● Problem statement: Beneath this instruction is a block of data; output from it exactly the lines that run from the one containing "Scarlett online show from 11/18/25, 02:43" through the one containing "Foto inzerátu 4xOriginál", inclusive.

● Supplied information:
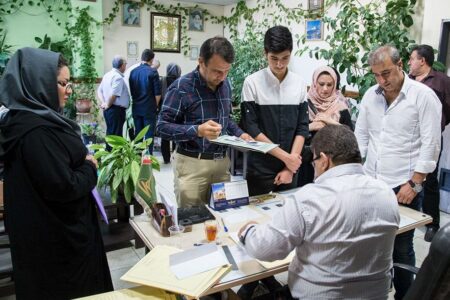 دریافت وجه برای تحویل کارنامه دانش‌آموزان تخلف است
--
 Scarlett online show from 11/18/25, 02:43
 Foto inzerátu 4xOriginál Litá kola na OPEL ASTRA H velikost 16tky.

● Written reply:
 Scarlett online show from 11/18/25, 02:43
 Foto inzerátu 4xOriginál Litá kola na OPEL ASTRA H velikost 16tky.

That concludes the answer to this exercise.